Just to give you an example, the file format tells you that there is a foot note. If the footnote doesn't fit on the page, then you have to paginate it (continue it on the next page). The file format doesn't tell you how or when to do that -- it just tells you that there is a footnote. Word happens to paginate footnotes incorrectly. Word Perfect paginates footnotes correctly. To import a Word document perfectly, somehow you have to break the pagination of the footnotes -- something that is practically impossible to do with a file importer.

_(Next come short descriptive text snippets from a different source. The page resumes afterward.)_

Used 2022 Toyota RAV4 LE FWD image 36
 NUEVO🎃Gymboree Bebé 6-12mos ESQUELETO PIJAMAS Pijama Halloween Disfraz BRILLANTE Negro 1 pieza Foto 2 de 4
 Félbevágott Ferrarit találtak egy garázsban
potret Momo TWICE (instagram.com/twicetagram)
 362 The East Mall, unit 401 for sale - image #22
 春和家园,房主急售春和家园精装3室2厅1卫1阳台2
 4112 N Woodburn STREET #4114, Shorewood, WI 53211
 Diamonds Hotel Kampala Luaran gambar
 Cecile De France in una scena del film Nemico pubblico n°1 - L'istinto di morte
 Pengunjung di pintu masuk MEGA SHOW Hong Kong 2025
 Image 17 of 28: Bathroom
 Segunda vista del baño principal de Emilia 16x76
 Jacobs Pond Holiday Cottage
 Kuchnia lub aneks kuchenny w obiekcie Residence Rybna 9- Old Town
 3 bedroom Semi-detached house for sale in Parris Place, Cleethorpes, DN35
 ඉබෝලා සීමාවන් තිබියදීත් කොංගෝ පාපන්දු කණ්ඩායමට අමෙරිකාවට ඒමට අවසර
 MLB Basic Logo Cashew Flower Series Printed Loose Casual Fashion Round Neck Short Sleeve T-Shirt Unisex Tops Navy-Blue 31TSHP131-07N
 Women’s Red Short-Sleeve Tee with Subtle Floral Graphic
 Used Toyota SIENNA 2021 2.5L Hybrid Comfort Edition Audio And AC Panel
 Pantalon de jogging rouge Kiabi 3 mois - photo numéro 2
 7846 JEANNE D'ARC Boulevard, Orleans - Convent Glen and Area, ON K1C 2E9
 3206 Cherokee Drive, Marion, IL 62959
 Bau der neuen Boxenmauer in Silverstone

Microsoft can't fix the pagination of footnotes because that's the way they've always done it. If they fixed the pagination, they would break decades of existing legal documents (which all have really long footnotes). They could add a new feature to paginate them correctly and tag them in the file format: For example "Here is a footnote. Paginate it correctly/incorrectly". I don't think they ever did that with footnotes, but they definitely did for a lot of other features (It's been over 10 years since I looked at the spec, so I can't give you a good example, unfortunately). Basically, you will see in the spec an option that says, "Render like Word 95", or something equivalent.
If you want to render Word documents perfectly (as well as your own), for each feature you need to be able to render it in your native style, and in style that Word has ever used -- even if these are fundamentally broken from a layout perspective. And then you have to add all of those Word styles to your file format, or else if you import it into your file format, you won't be able to save it.
Nobody does that, for obvious reasons. It's not Microsoft's fault. The opposite is exactly the same. That's why MS dug in their heels about not using Open Office file format -- it's an insane idea. I'm not a big fan of MS as a whole, but I interacted with the Word team a lot when I worked on conversions for Word Perfect. They were always extremely helpful -- to the point of sending me bug reports when I made a mistake on the conversions. They always knew that interoperability of their file format was only in their best interest and they did their best. Word is just a massive legacy system and they have their hands tied -- mainly because they always bend over backwards to maintain backwards compatibility for their customers.
I understand the feeling you are trying to get at, but in this case it is entirely misplaced.